• _What is expected_:
Omitting all pictures, copy word for word the lines from the line containing "Lace Sleeveless Shirts" through the final line of the entries.

• _Records for this exercise_:
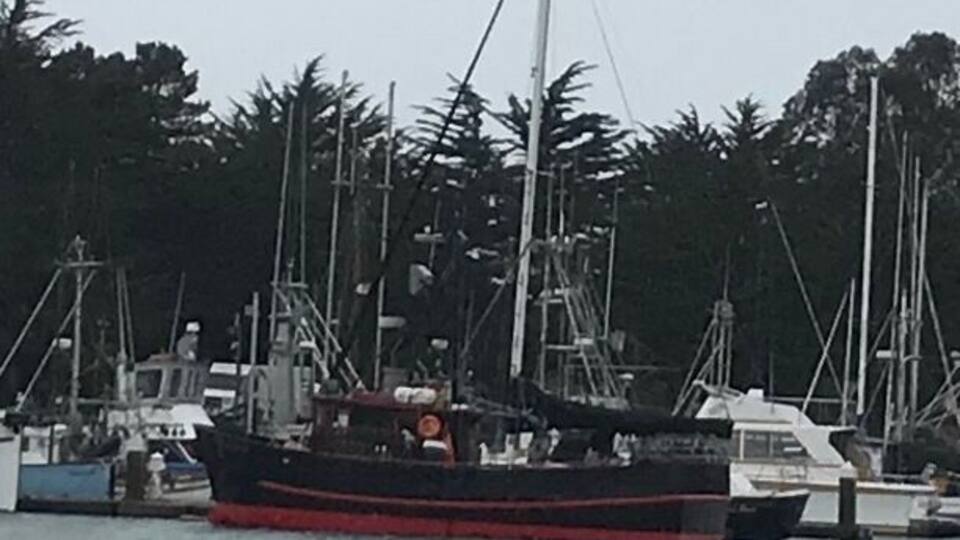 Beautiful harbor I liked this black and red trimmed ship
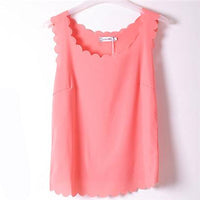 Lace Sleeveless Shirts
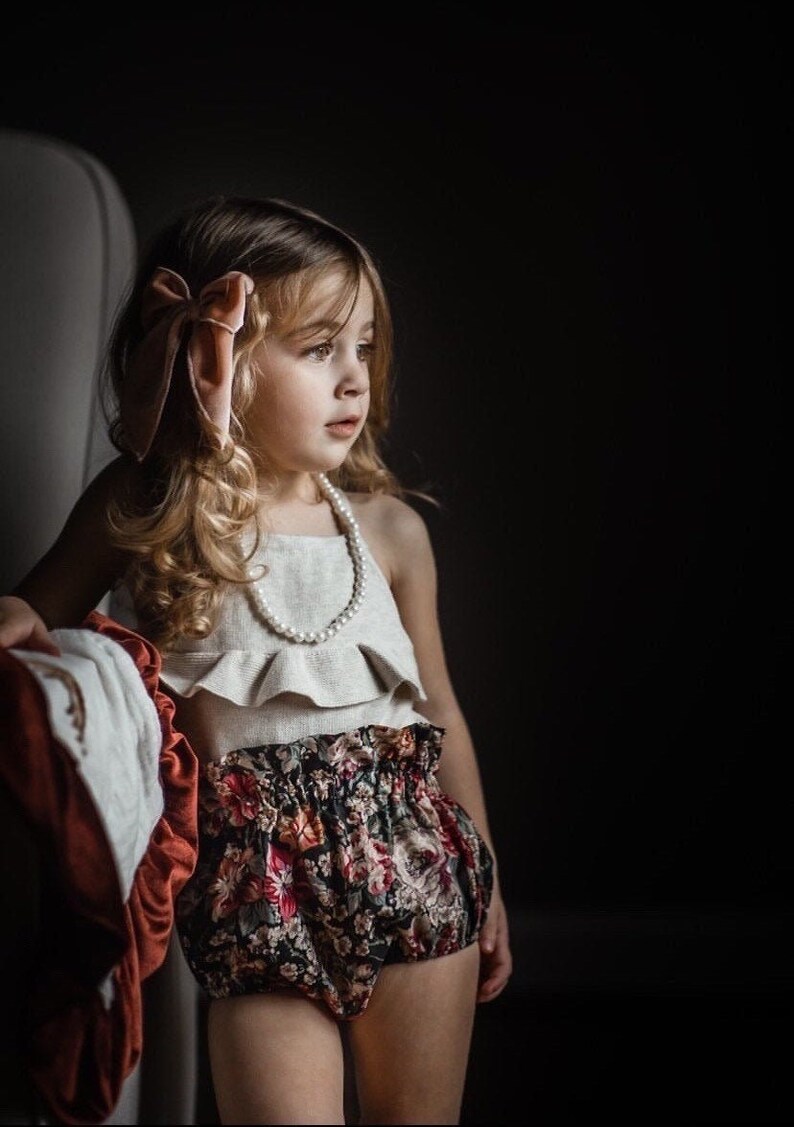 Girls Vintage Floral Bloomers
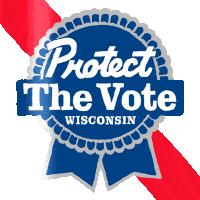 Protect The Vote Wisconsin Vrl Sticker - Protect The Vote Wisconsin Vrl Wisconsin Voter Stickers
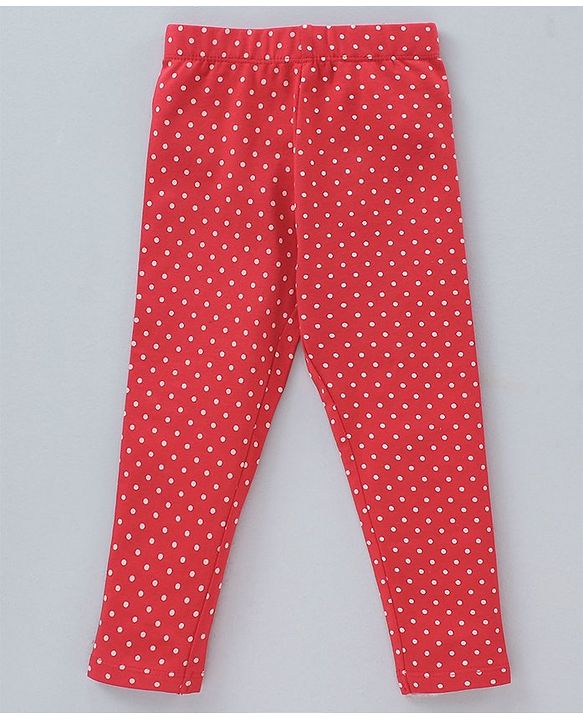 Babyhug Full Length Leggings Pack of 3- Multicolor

• _Task result_:
 Lace Sleeveless Shirts
 Girls Vintage Floral Bloomers
 Protect The Vote Wisconsin Vrl Sticker - Protect The Vote Wisconsin Vrl Wisconsin Voter Stickers
 Babyhug Full Length Leggings Pack of 3- Multicolor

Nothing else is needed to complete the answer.